== Records to use ==
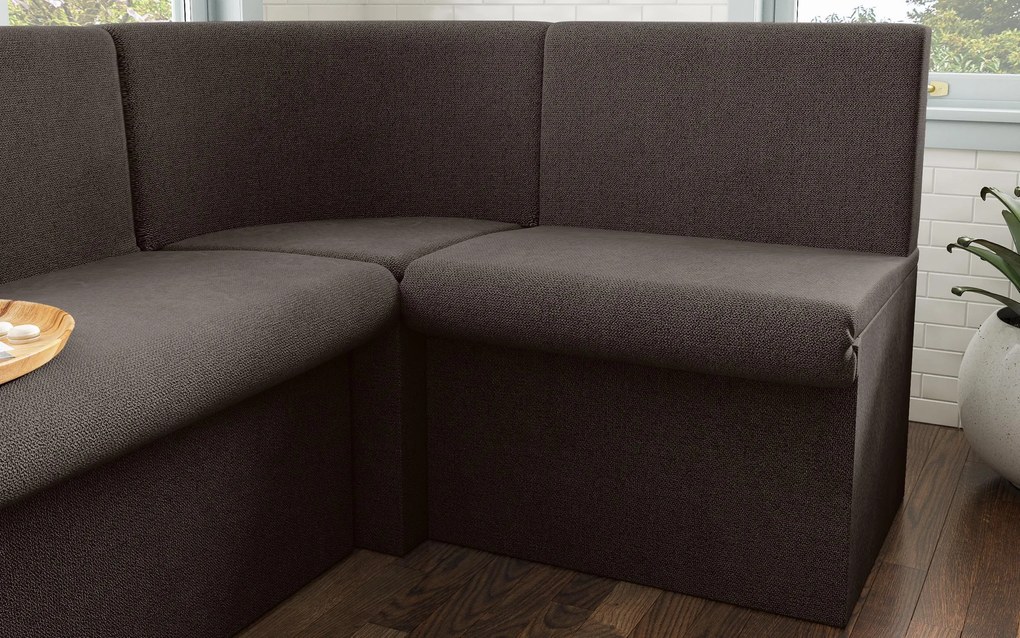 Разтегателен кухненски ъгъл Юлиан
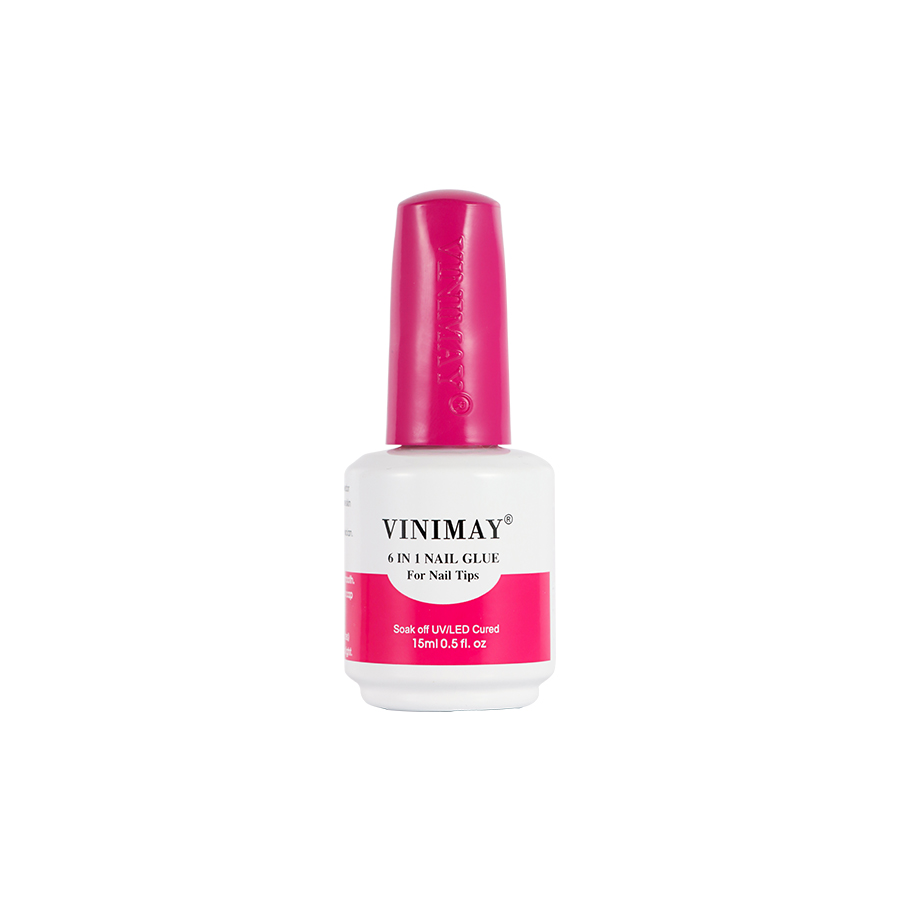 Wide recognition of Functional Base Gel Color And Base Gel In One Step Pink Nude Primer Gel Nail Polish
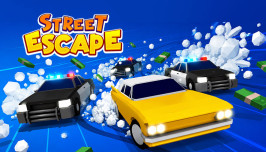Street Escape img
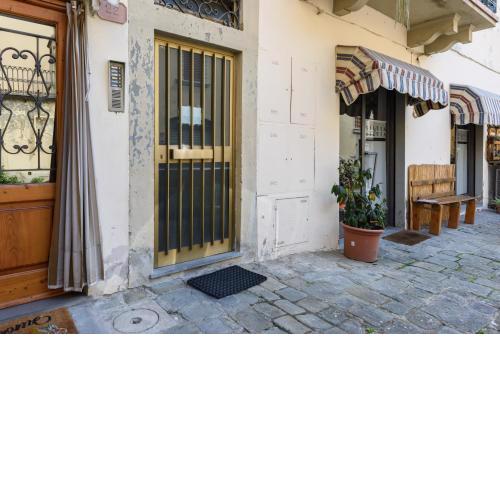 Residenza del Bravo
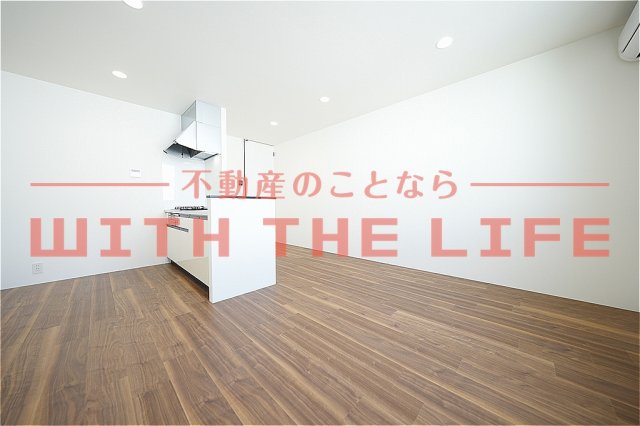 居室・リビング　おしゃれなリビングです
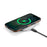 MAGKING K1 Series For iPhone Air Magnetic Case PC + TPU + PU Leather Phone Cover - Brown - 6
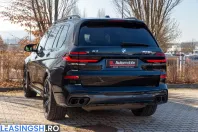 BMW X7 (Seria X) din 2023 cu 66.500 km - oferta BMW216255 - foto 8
===
▶ Instructions for the task
Your task is to reproduce exactly the lines from the one that holds "Wide recognition of" to the last line of the listing, and only those, omitting the pictures.

▶ Worked solution
 Wide recognition of Functional Base Gel Color And Base Gel In One Step Pink Nude Primer Gel Nail Polish
Street Escape img
 Residenza del Bravo
 居室・リビング　おしゃれなリビングです
 MAGKING K1 Series For iPhone Air Magnetic Case PC + TPU + PU Leather Phone Cover - Brown - 6
 BMW X7 (Seria X) din 2023 cu 66.500 km - oferta BMW216255 - foto 8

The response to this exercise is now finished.